2. Le recours à un « grand emprunt » engendrera un effet de levier significatif
La légitimité des pouvoirs publics à investir pour favoriser la recherche, l'innovation et, in fine , la croissance, a été théorisée depuis les années 80 par les économistes dits de la « croissance endogène ». Selon ces derniers, l'État peut intervenir dans la sphère économique afin d'y instaurer ou rétablir les conditions de la croissance. Certaines étapes indispensables au processus de production et de création de valeur (recherche, développement, tests...) impliquent en effet des coûts extrêmement élevés que les agents privés ne peuvent supporter à eux seuls du fait de leur incertaine rentabilité, alors même qu'ils engendrent des externalités positives, c'est-à-dire une augmentation du bien-être de l'ensemble de la société.
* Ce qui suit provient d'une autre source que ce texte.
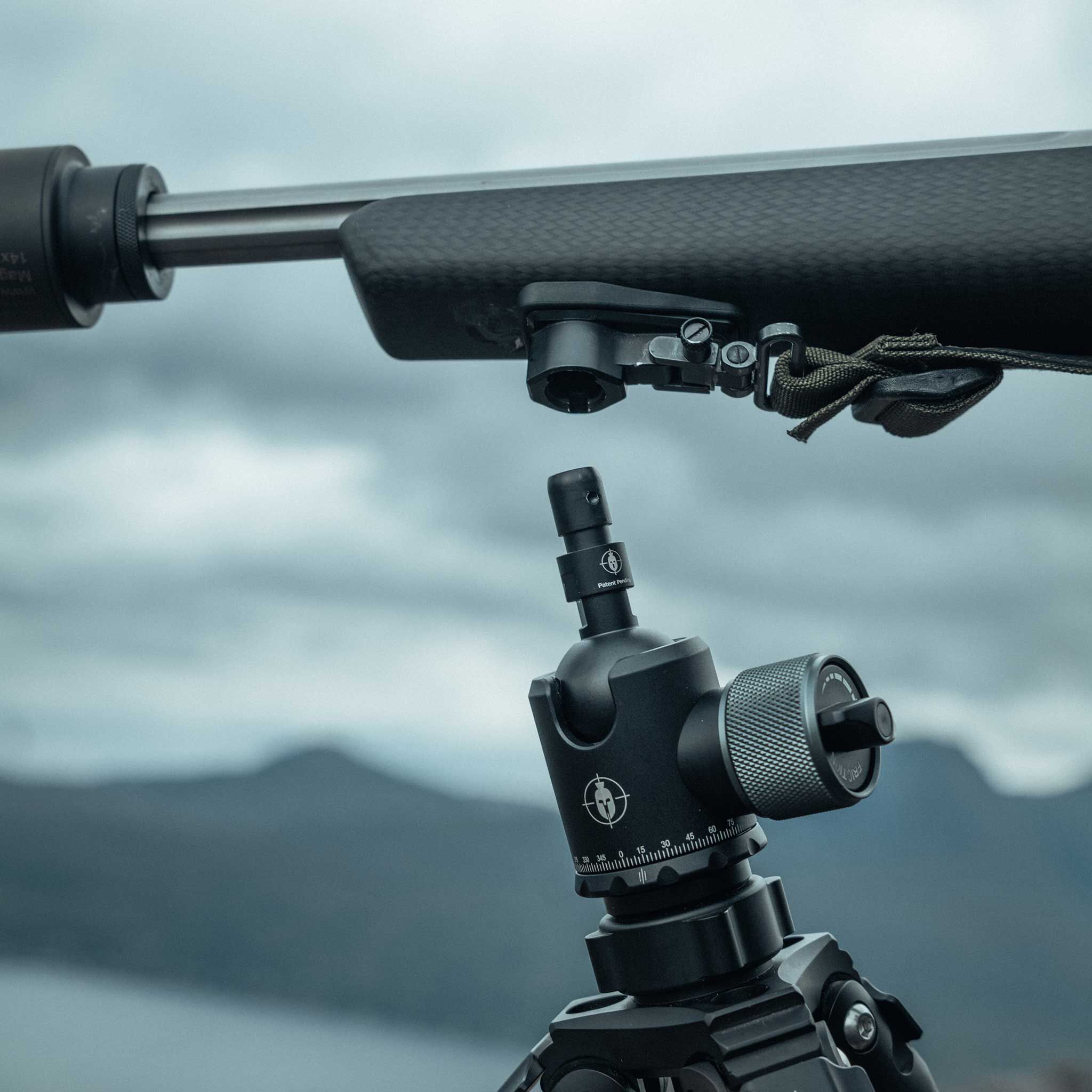 Spartan Classic Rifle Adapter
Ainsi que le souligne la commission Investir pour l'avenir , « l'État a une responsabilité directe en matière d'enseignement supérieur et de recherche publique. Mais sa responsabilité va au-delà. En matière de recherche, d'innovation, de développement de réseaux d'informations, d'efficience énergétique, les investissements ne doivent pas être appréciés au seul regard de leur retour financier direct pour l'investisseur privé. Ces investissements portent en eux des bénéfices pour le reste de la société. L'État doit donc renforcer les incitations à les réaliser. Il peut se porter là où les défaillances de marché sont avérées ».
Cette philosophie générale sous-tend la stratégie liée au « grand emprunt ». Il est ainsi indiqué, dans le dossier de presse du projet de loi, que « l'intervention de l'État est nécessaire pour financer certains projets à haut potentiel pour l'économie » et que « certains investissements lourds ne peuvent pas être réalisés par le secteur privé alors qu'ils génèrent des rendements importants pour l'économie ».
Le « grand emprunt » vise donc à donner une impulsion publique forte pour inverser la tendance française à prendre du retard dans le domaine de l'accumulation des savoirs et de l'innovation, et mettre la France au niveau des standards internationaux les plus élevés. Au total, et selon les documents explicatifs fournis par le ministère en charge de l'économie, les dépenses financées par l'emprunt national augmenteraient la croissance de près de 0,3 points de PIB par an sur la décennie. Ce sursaut de croissance devrait permettre d'accélérer le passage de l'économie française vers une économie de la connaissance où le triptyque recherche/innovation/industrie serait au coeur du développement.
Outre ses effets positifs sur notre trend de croissance et les structures de notre économie, l'effort d'investissement porté par le « grand emprunt » devrait contribuer à « passer le cap » de la crise. Ainsi, sur un plan conjoncturel, les dépenses du « grand emprunt » prennent, dans une certaine mesure, le relais du plan de relance, qui a déjà permis à la croissance de redevenir positive au deuxième trimestre de cette année, ainsi que de la réforme de la taxe professionnelle. « Élément de la stratégie de sortie de crise », le « grand emprunt » vise, selon le Gouvernement, à « assurer une reprise durable à partir de 2010 ».